EXERCISE
In the records below, find the line containing "Detail of Pollen of Melon by Anonymous", then print it and every following line exactly, through the last, without pictures.
*** Block opens ***
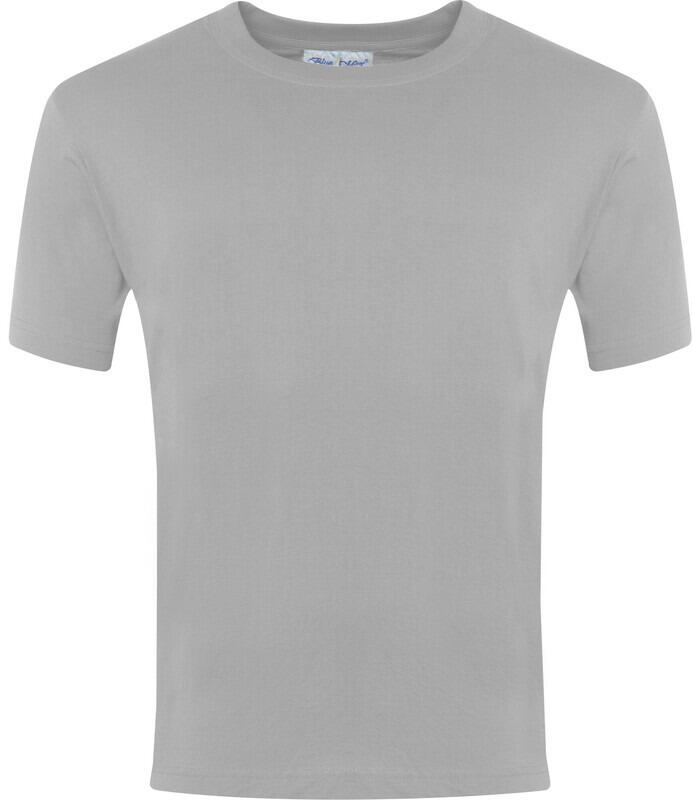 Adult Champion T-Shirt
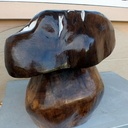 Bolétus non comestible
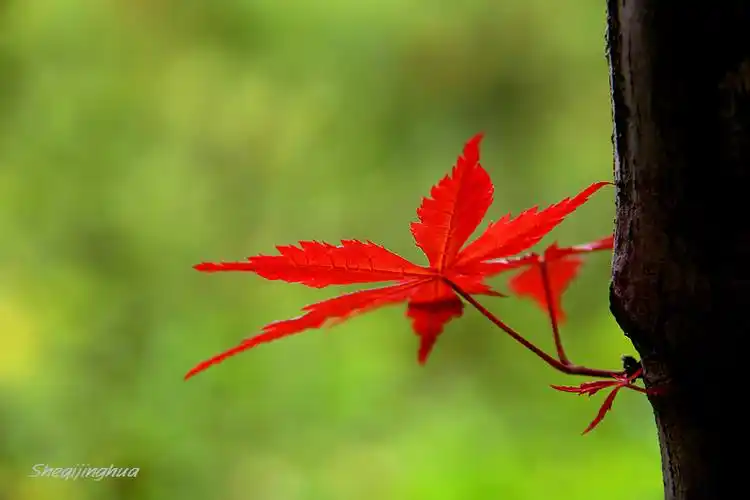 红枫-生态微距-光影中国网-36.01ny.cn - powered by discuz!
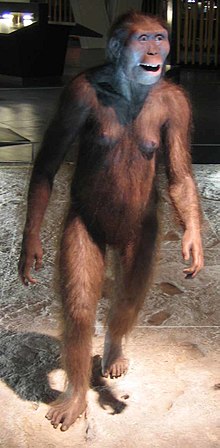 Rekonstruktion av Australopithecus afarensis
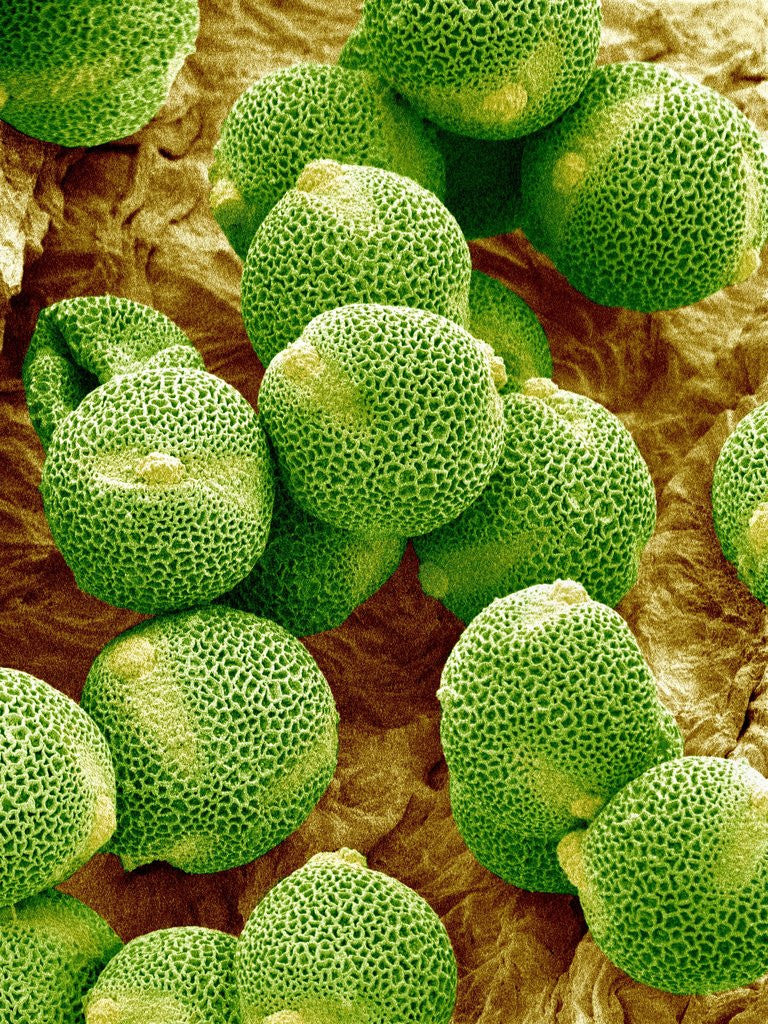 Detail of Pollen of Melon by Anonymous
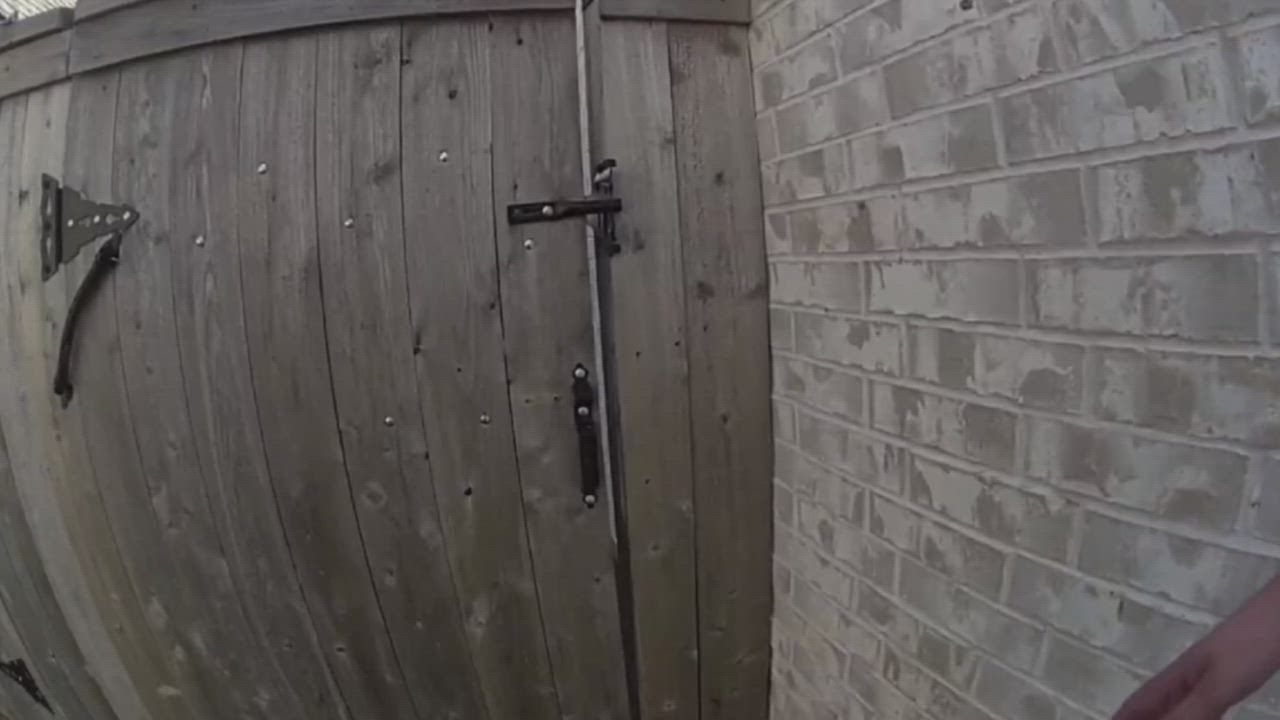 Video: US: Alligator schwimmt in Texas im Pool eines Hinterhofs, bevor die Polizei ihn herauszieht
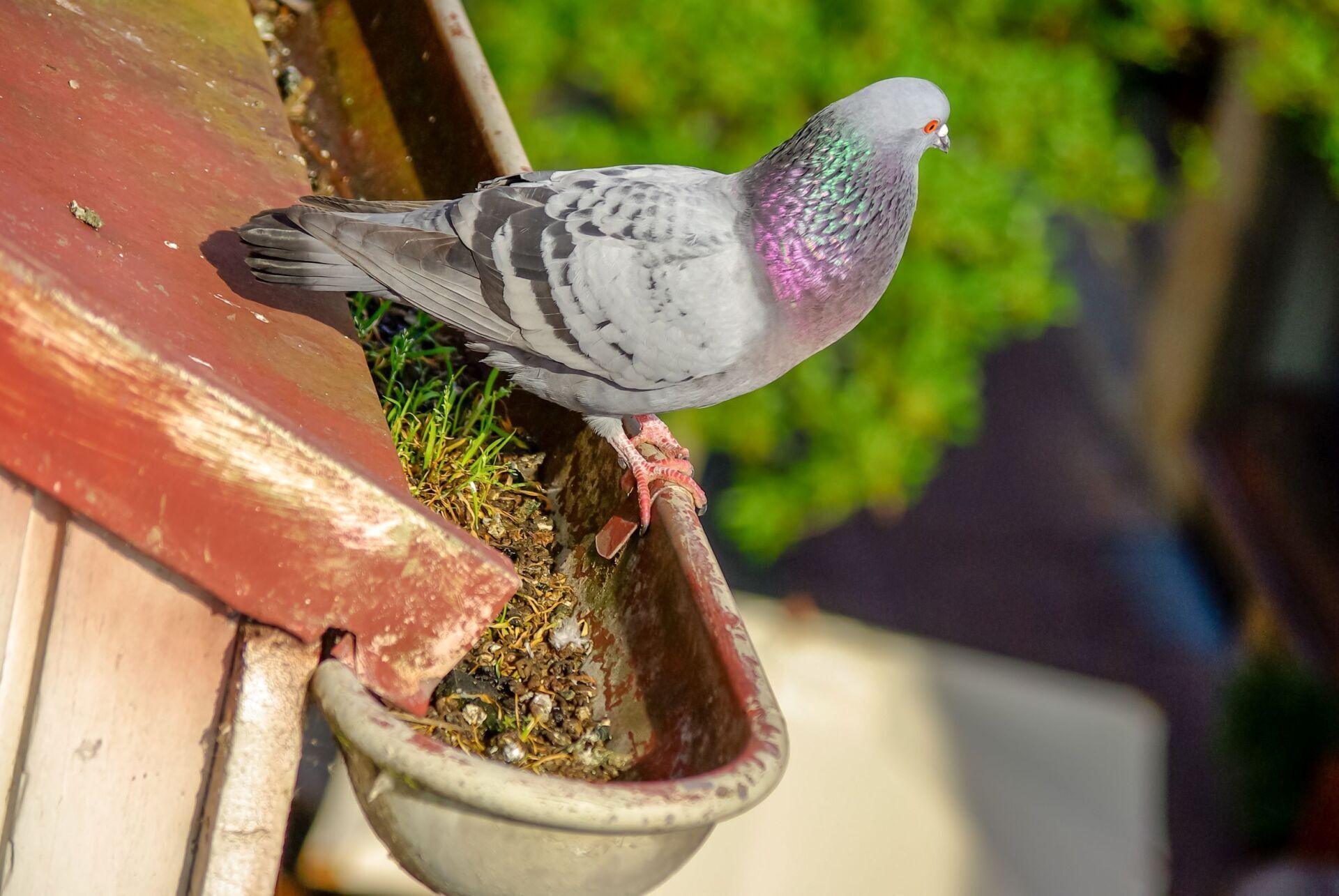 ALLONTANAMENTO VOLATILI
*** Block closes ***
FINAL ANSWER
 Detail of Pollen of Melon by Anonymous
 Video: US: Alligator schwimmt in Texas im Pool eines Hinterhofs, bevor die Polizei ihn herauszieht
 ALLONTANAMENTO VOLATILI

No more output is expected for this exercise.